WASHINGTON—Chinese authorities are racing to solve the country's chronic power shortages ahead of the summer heat with a new set of regulations aimed at giving teeth to the country's fledgling electricity watchdog.
But the measures are unlikely to tackle the problem where it really matters, in the area of pricing, analysts told RFA in a series of recent interviews.
"I think they're really worried, seriously worried, about this year," Robert Ebel, director of the energy and national security program at the Center for Strategic and International Studies in Washington, told RFA's Wu dialect service.
Summer heat approaches
"They went through last year with electric power shortages pretty much nationwide and now it looks like it's going to happen again. So, how do you solve it? That's what they're trying to figure out," Ebel told reporter Michael Lelyveld.

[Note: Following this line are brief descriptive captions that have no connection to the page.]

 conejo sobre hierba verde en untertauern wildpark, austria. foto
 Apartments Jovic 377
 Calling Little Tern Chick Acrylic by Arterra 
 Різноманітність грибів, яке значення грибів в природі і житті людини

"Price incentive is the best incentive that you can have for both producer and consumer," he said.
New power sector regulations effective May 1 were supposed to strengthen the powers of the State Electricity Regulatory Commission (SERC) but fell way short of expectations, according to local media reports.
The SERC has been unable to improve the situation in the power sector because it lacks authority to set rates or approve construction of new power plants.

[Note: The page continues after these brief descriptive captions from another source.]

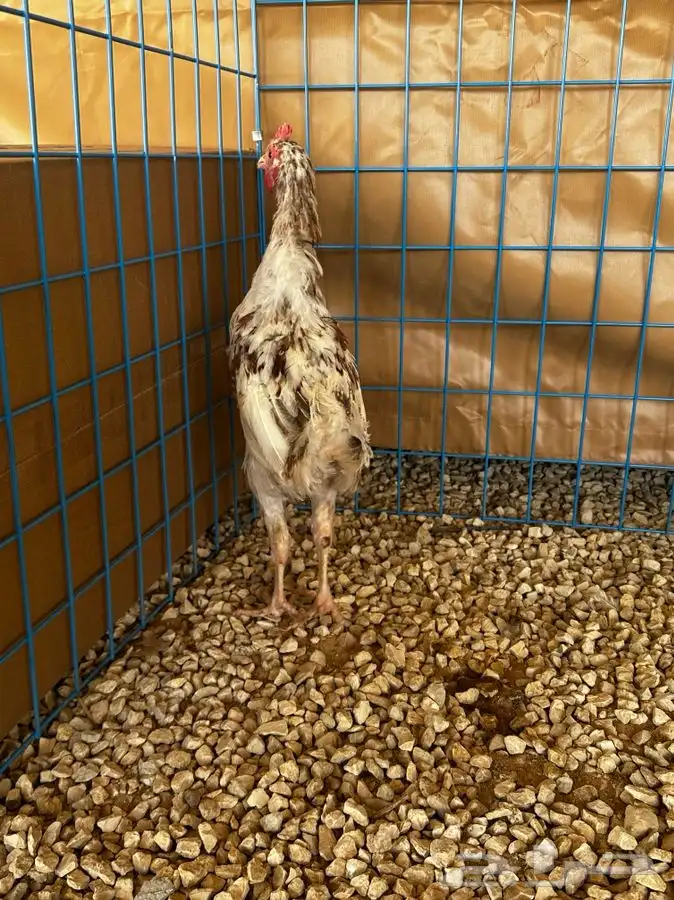 ديوك و دجاج ماكنتوش 13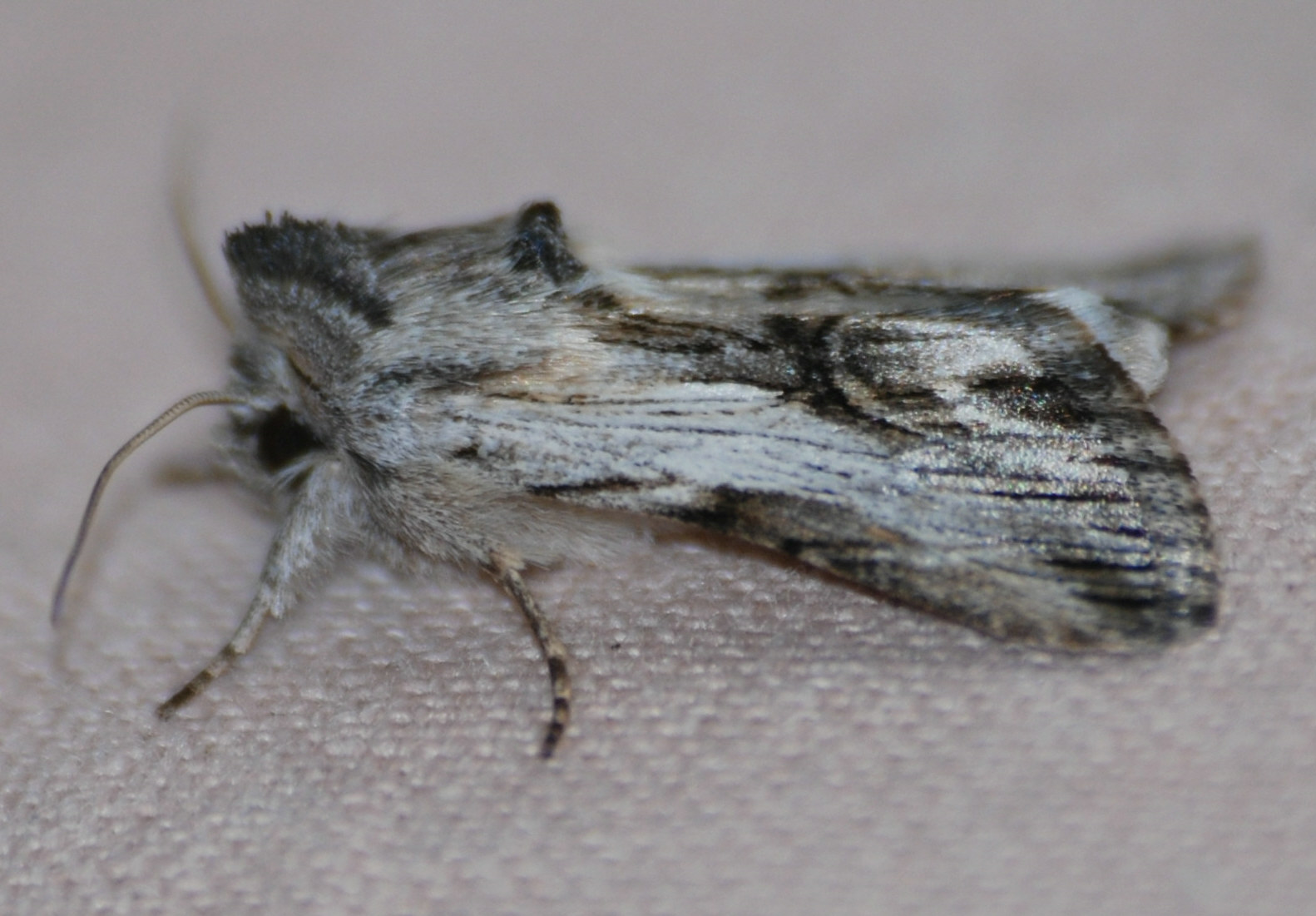 Id falena - Calophasia platyptera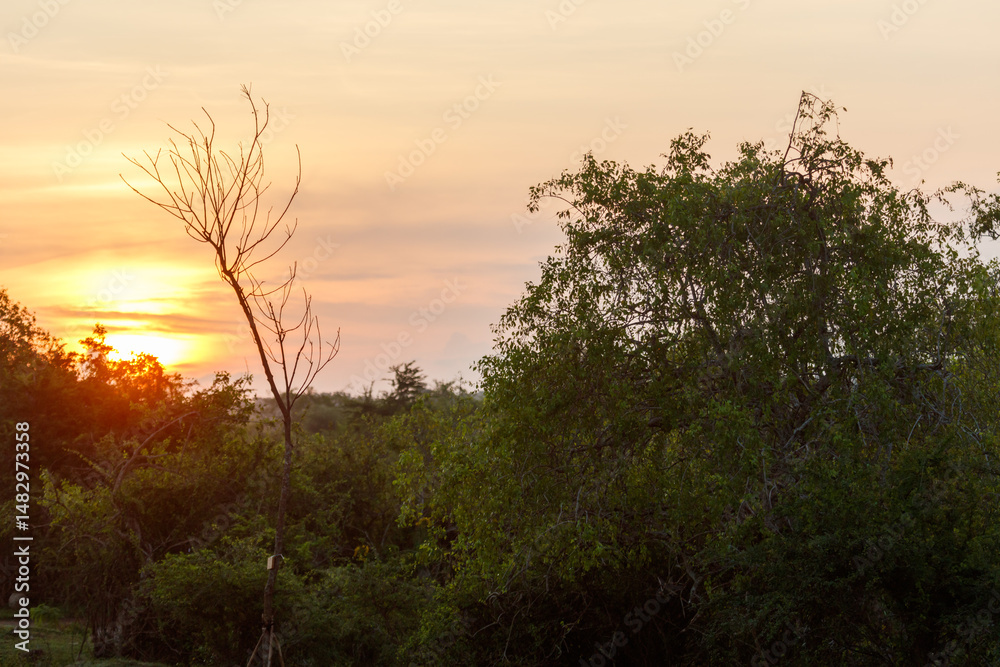 A tree with a branch that is bare and a tree with leaves A tree with a branch that is bare and a tree with leaves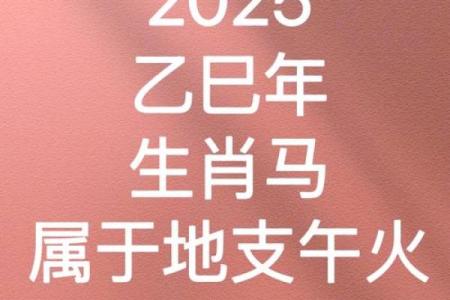 90年属马女2025年的运势 90年属马女2025年逐月运程大解析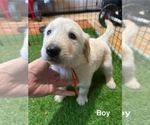 Puppy Orange Golden Retriever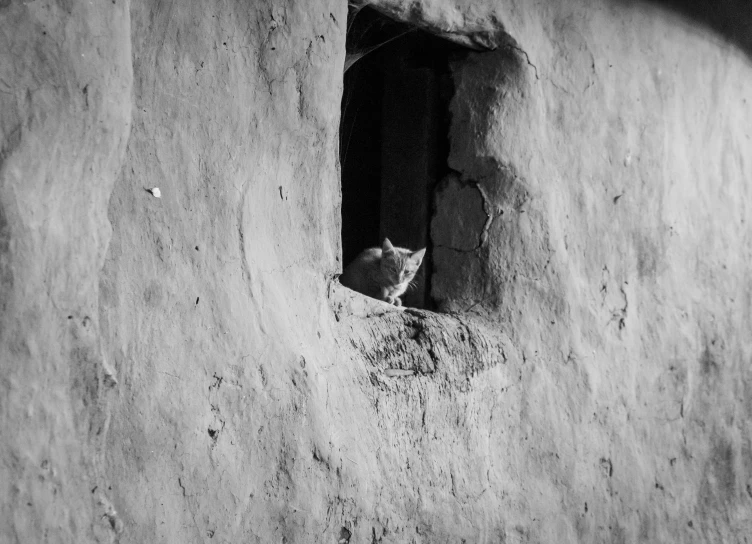 a white cat standing inside of an open hole in a concrete wall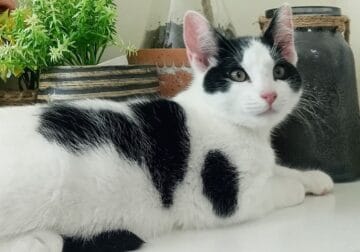 Sweet kittens
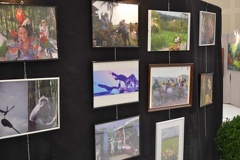 HandiVers Horizons  5 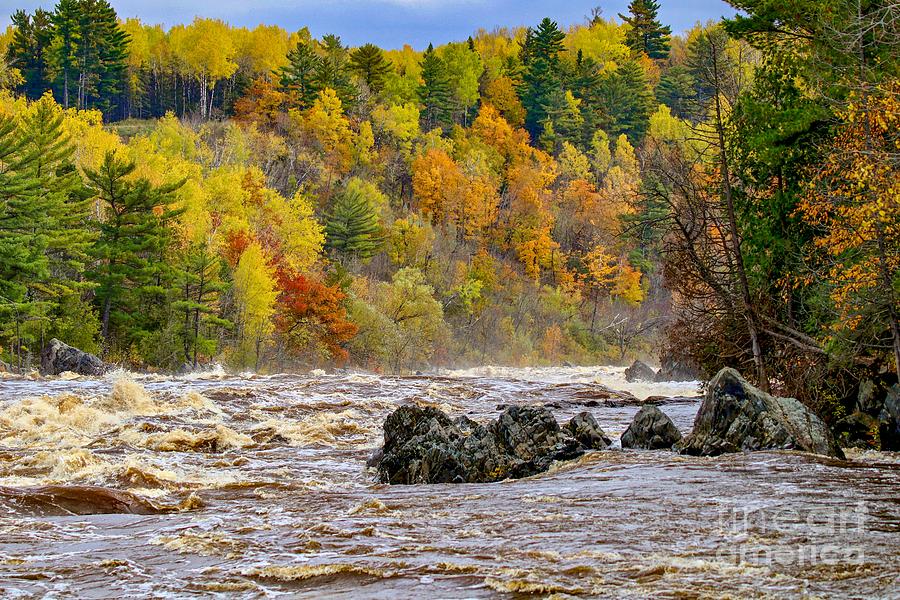 St. Louis River at Jay Cooke Photograph by Susan Rydberg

Those authorities rest with the far more powerful State Development and Reform Commission of China's cabinet, the State Council.
Price increases politically sensitive
Government officials blame the annual enforced power cuts during peak summer months when air-conditioning is at its height on shortages of coal and rail capacity to get supplies to power plants.
The government has been working to speed up construction of power plants, but it has also slammed the brakes on some 30 power projects that it considers unauthorized.
But experts say the sensitive issue of price increases for power has not been addressed in any meaningful way. Rate increases in the last year have been too small to dampen consumption growth.
Officials have also talked about energy conservation, but the government has taken few effective steps, according to Philip Andrews-Speed, China energy expert at Dundee University.
"There was a lot of talk last year about energy conservation. But the only real conservation measure I could see was literally the turning off of electricity to factories and other institutions when there wasn't enough power," Andrews-Speed told RFA.
"There's no real indication of a new and more coherent approach," he added.
Fear of social unrest
Jason Feer, Singapore bureau chief for Petroleum Argus, said the government's worry about major price increases stems mostly from social concerns.
"There's always a concern that if the government introduces some sort of dramatic economic change, such as raising power prices across the board, that that will raise questions about the stability of the government," Feer said.
"How much will people accept and how much can people afford to pay before they will have been pushed too far?"
He said the fears of instability lurked behind the government's procrastination over setting up a credible regulatory body and allowing prices to rise.
Feer said that full deregulation of power prices would work in theory to balance supply and demand. But the government is unlikely to risk a move toward free-market pricing because it could not predict how high prices would go. It would also have to make a host of other economic adjustments.